WHAT IS NEEDED = Look below and pull out each line with the word "Sweater".

(Records contained in a dataset)
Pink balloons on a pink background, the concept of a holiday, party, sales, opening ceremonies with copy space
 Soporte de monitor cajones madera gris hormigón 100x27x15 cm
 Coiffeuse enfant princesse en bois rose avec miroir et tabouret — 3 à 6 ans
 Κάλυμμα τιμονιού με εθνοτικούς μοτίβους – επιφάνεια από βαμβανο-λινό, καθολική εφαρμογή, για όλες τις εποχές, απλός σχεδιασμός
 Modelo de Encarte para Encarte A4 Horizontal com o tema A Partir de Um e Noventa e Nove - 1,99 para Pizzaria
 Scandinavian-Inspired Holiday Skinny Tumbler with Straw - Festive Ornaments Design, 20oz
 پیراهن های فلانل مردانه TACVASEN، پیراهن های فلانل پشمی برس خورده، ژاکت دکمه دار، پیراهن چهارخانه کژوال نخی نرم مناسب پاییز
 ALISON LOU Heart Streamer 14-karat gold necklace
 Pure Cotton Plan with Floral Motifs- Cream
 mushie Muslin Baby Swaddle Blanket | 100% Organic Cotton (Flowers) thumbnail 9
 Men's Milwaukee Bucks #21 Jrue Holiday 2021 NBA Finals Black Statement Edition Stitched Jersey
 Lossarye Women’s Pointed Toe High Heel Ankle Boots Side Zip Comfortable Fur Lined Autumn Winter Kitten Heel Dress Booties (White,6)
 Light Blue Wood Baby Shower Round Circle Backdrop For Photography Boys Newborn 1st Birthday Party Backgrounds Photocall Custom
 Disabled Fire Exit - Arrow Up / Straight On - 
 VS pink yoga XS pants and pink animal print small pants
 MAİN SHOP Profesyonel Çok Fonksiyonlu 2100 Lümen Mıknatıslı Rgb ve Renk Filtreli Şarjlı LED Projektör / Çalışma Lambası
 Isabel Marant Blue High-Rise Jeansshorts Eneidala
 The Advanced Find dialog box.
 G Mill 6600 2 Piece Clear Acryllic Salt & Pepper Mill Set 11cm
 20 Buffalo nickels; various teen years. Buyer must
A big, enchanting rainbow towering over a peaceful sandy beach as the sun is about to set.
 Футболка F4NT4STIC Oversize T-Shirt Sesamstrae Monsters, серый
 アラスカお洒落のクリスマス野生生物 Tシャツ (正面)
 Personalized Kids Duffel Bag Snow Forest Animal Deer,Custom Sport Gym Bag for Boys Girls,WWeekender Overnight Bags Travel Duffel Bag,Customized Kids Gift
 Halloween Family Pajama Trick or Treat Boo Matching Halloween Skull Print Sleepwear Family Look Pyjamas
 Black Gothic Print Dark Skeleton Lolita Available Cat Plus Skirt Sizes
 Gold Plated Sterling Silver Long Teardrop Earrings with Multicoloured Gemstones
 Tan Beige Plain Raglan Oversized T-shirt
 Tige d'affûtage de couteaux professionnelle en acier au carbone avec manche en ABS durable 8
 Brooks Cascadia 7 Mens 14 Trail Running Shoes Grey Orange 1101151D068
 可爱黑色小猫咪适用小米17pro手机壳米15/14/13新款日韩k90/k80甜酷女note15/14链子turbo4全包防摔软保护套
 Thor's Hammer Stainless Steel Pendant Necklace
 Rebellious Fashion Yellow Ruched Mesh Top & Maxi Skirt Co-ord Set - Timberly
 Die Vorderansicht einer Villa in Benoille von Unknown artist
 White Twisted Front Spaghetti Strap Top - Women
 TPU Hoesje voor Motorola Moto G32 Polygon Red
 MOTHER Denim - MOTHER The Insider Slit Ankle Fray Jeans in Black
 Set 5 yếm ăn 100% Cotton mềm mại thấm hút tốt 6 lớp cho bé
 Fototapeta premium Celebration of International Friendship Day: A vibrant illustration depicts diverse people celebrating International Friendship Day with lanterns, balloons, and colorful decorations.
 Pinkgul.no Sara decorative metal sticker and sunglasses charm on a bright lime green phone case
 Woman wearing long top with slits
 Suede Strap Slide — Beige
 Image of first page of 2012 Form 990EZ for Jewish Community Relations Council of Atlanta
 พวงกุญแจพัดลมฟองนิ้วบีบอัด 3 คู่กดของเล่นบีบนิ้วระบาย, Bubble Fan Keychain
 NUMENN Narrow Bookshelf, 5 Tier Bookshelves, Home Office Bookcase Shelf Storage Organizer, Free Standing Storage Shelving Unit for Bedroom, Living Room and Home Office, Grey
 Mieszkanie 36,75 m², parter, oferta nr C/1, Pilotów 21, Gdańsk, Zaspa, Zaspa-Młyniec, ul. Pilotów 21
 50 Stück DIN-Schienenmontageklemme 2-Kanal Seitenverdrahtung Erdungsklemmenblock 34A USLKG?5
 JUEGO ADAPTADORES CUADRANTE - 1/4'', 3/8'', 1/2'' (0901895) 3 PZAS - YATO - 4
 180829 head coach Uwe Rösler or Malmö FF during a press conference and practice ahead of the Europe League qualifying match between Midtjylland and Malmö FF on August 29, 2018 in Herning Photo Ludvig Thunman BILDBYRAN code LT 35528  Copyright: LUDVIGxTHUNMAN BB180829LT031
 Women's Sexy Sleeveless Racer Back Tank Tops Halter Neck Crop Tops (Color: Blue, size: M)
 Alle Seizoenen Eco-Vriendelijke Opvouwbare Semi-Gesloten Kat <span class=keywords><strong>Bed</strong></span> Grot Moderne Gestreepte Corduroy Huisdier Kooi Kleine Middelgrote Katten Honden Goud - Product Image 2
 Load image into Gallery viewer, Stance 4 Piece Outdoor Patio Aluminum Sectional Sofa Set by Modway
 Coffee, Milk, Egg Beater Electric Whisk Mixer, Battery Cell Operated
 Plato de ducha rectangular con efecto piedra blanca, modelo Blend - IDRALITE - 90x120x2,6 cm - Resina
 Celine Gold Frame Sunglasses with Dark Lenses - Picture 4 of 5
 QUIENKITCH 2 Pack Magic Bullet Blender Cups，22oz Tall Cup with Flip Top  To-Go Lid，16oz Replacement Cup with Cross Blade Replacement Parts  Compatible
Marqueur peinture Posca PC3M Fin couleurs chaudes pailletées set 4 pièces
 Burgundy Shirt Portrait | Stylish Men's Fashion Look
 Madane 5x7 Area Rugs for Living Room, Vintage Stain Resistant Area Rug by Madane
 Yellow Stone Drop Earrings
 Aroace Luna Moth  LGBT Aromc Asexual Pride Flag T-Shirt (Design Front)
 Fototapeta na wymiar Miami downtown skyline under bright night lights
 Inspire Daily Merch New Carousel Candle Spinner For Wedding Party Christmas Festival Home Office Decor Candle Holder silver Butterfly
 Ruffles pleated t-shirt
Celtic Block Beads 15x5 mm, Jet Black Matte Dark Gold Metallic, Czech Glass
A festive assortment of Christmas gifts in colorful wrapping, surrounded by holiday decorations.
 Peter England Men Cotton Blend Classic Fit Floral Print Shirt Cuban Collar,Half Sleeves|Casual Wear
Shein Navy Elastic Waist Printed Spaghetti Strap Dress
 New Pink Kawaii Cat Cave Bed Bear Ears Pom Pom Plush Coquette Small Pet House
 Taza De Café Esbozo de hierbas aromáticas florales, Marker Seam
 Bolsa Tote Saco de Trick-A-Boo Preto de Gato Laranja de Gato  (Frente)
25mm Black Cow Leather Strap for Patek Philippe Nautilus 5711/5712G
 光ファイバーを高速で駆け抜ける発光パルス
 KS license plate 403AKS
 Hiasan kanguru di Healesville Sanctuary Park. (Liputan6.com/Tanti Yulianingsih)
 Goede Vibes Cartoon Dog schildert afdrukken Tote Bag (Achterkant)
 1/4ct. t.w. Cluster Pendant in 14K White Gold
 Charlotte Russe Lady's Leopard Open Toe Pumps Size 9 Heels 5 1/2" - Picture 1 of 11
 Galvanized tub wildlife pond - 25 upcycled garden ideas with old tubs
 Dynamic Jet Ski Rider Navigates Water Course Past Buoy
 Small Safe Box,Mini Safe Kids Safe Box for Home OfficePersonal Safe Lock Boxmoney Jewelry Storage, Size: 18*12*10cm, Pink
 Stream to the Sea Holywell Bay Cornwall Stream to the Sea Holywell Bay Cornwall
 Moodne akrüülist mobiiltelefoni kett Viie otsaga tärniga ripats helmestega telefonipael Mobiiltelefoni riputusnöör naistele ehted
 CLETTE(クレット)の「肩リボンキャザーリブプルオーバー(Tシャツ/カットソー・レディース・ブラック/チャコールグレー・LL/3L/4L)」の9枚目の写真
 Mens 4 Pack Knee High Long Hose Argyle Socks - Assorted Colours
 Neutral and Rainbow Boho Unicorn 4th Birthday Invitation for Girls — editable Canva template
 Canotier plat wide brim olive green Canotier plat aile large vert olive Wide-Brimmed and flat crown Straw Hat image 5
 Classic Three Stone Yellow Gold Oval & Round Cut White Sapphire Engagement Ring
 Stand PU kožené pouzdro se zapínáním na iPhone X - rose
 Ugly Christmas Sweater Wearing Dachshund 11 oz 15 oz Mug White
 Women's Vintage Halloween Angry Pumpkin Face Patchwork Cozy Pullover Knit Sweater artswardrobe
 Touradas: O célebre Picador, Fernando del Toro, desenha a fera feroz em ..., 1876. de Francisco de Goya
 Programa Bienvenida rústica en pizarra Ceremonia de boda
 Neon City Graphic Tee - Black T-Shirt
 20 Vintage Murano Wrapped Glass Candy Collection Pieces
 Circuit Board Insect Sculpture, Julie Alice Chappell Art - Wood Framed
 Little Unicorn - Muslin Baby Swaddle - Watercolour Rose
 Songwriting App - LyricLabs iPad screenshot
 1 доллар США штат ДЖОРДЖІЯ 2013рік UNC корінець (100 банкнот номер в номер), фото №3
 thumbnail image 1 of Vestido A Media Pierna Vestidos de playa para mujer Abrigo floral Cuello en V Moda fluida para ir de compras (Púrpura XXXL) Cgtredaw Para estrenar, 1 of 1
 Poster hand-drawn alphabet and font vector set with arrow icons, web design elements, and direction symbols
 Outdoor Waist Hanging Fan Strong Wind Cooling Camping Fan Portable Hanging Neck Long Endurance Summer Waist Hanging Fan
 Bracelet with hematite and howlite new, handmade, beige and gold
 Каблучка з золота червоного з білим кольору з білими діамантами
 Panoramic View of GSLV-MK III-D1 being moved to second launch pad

ANSWER FOR THIS EXERCISE =
 Ugly Christmas Sweater Wearing Dachshund 11 oz 15 oz Mug White
 Women's Vintage Halloween Angry Pumpkin Face Patchwork Cozy Pullover Knit Sweater artswardrobe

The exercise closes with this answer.